### Assignment
Would you transcribe the entries below, beginning at the line with "Puchar Plastikowy Srebrny" and ending after the line with "FILA Yang Mi", exactly, with no picture and nothing more?

### Provided records
%%

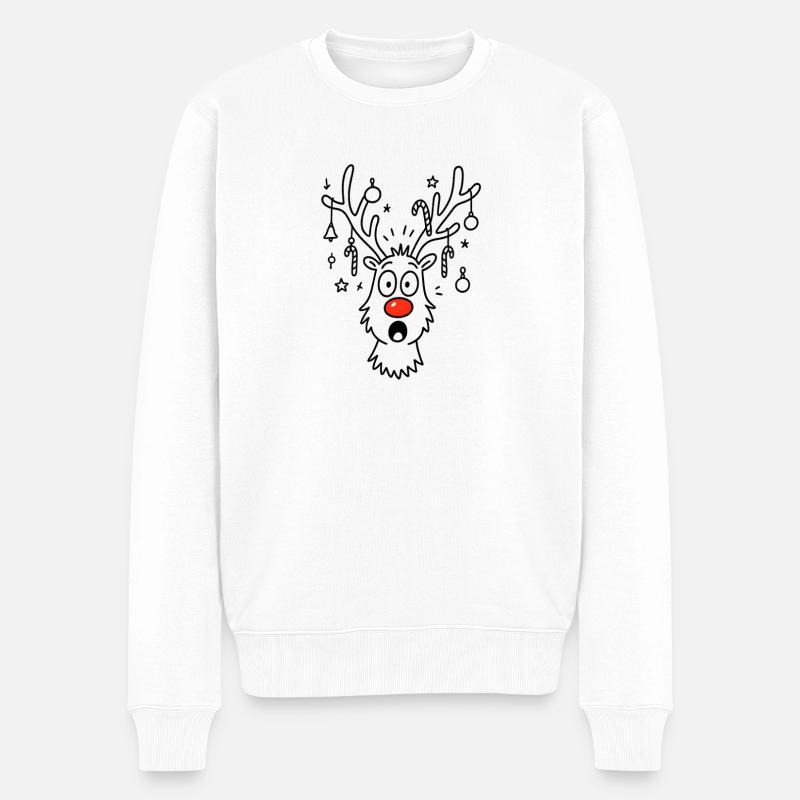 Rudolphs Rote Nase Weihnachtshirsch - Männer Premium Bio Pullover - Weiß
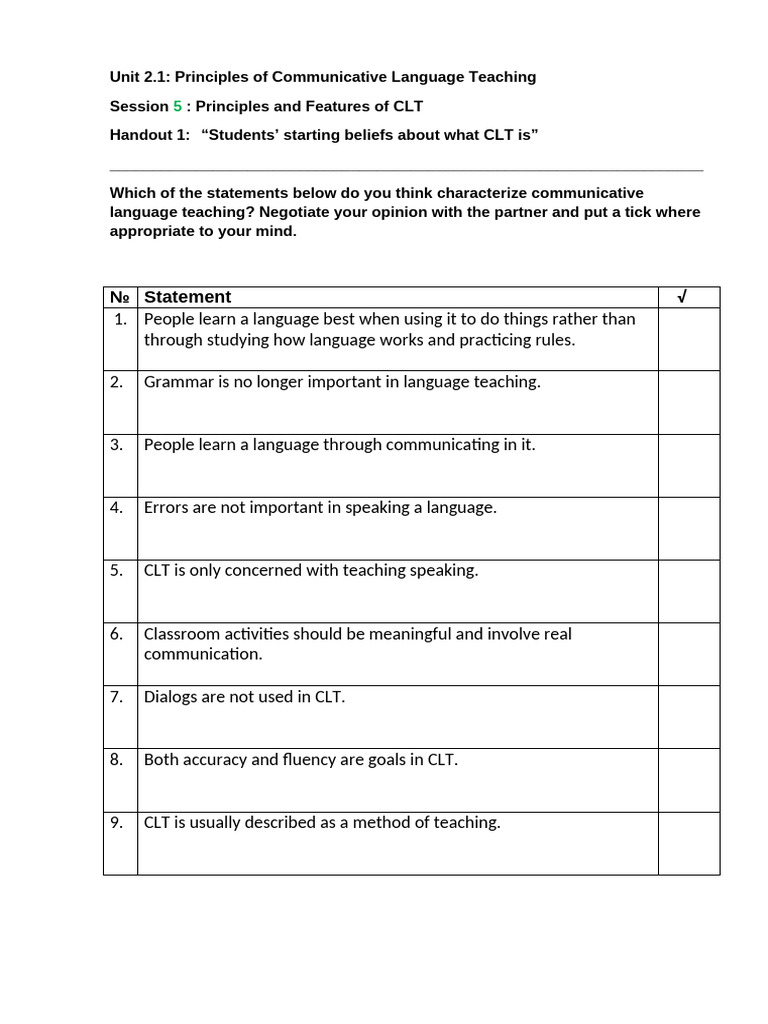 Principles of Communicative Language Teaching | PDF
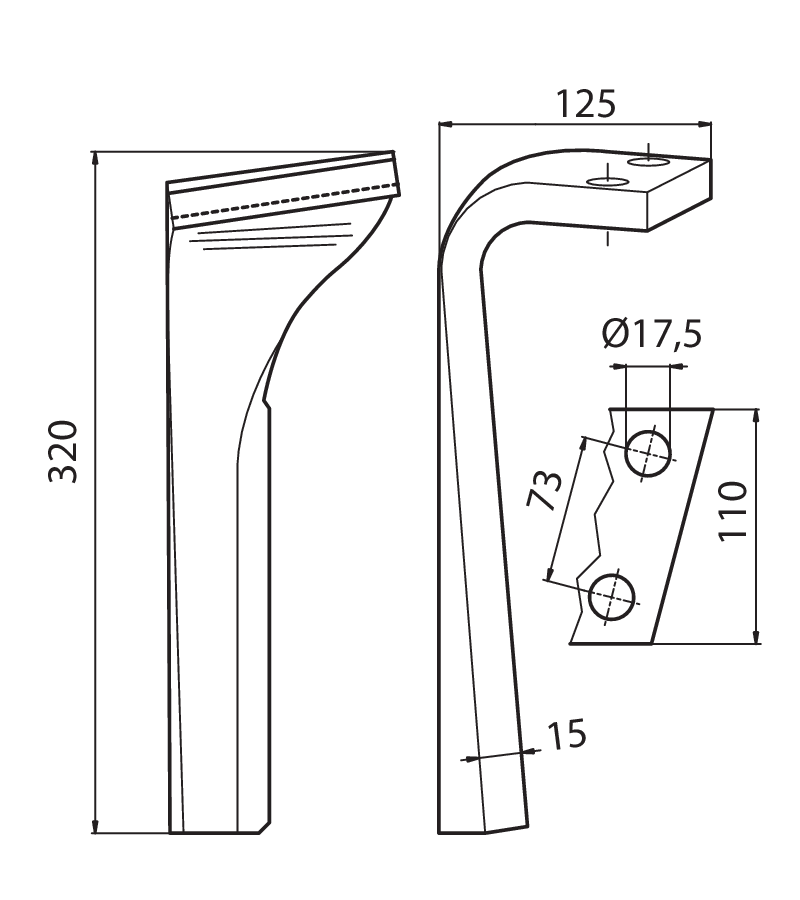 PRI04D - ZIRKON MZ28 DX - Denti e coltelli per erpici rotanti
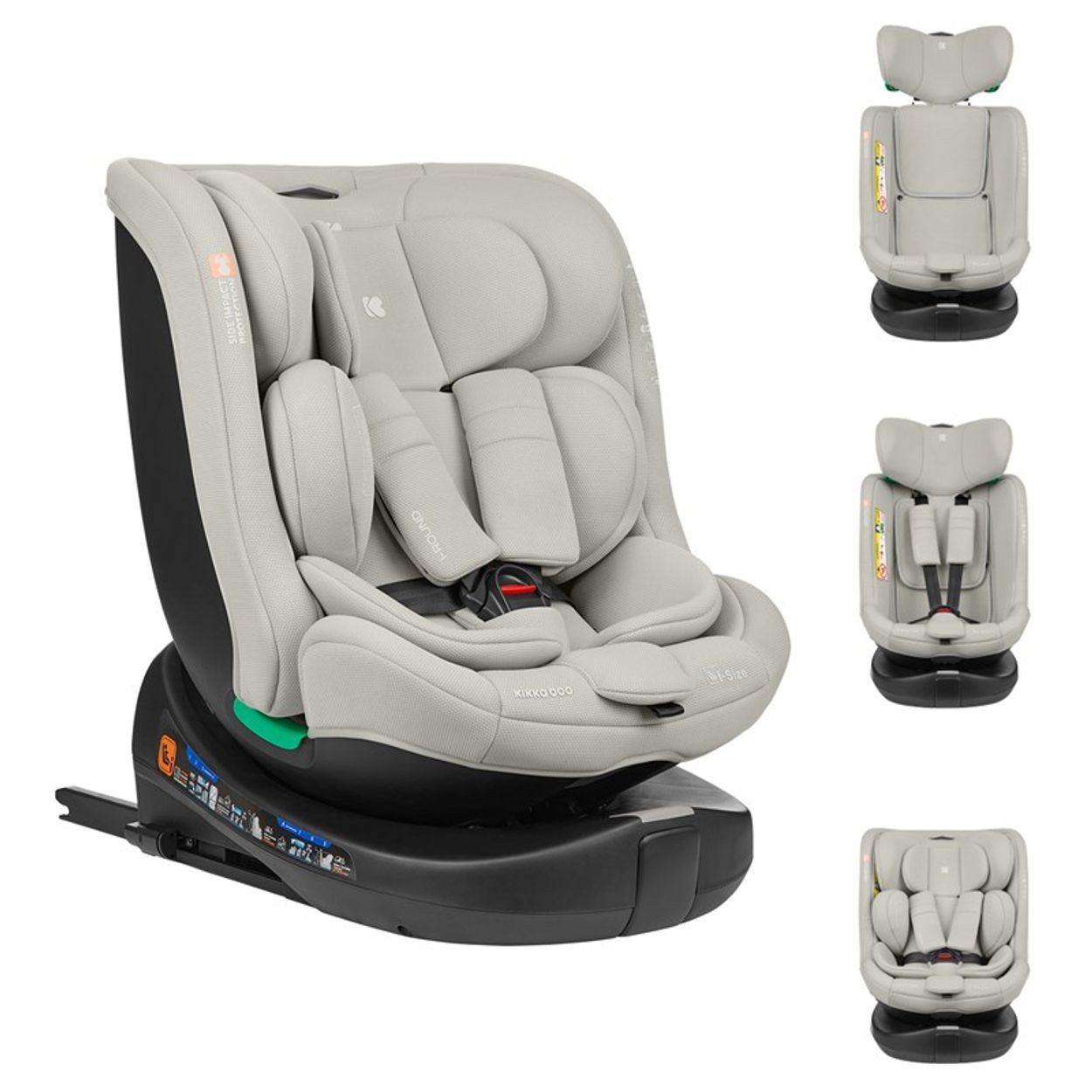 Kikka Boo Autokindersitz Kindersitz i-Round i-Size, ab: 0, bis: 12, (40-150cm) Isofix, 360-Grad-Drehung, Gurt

%%
%%

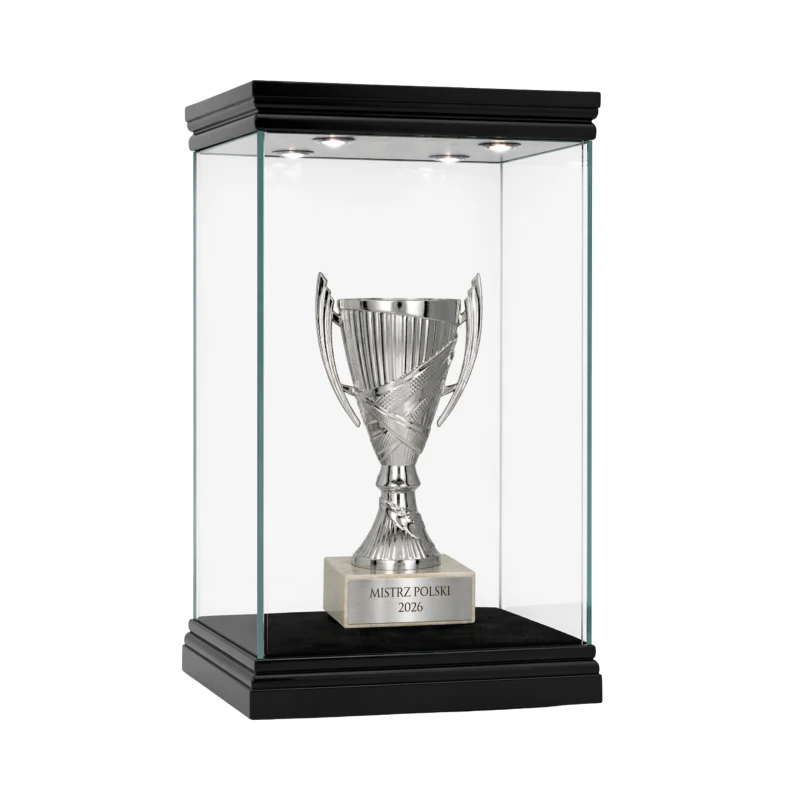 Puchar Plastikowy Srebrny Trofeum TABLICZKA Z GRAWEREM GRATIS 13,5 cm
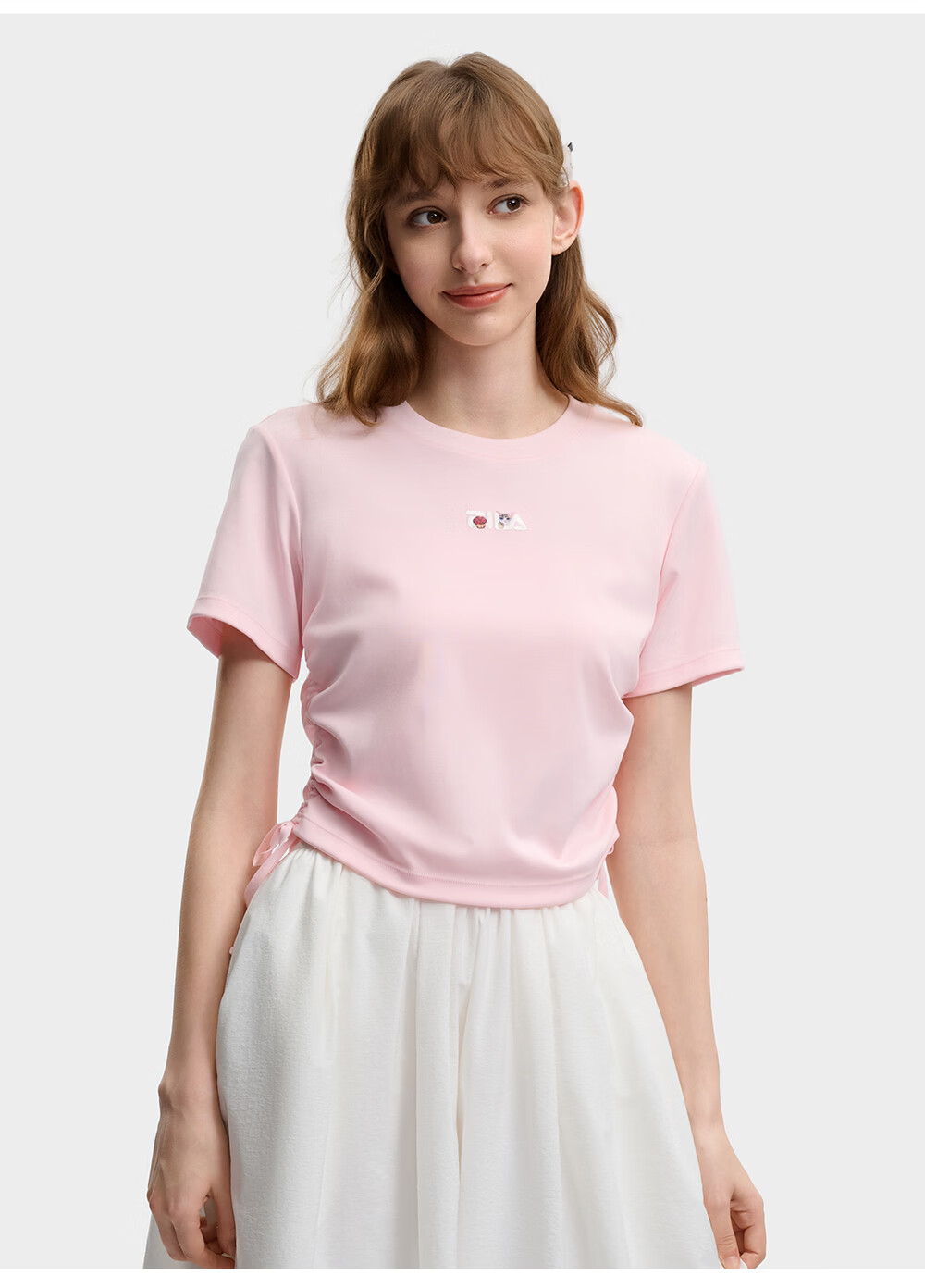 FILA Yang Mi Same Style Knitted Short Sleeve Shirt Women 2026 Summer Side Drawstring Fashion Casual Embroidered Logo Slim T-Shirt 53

%%

### Task answer
 Puchar Plastikowy Srebrny Trofeum TABLICZKA Z GRAWEREM GRATIS 13,5 cm
 FILA Yang Mi Same Style Knitted Short Sleeve Shirt Women 2026 Summer Side Drawstring Fashion Casual Embroidered Logo Slim T-Shirt 53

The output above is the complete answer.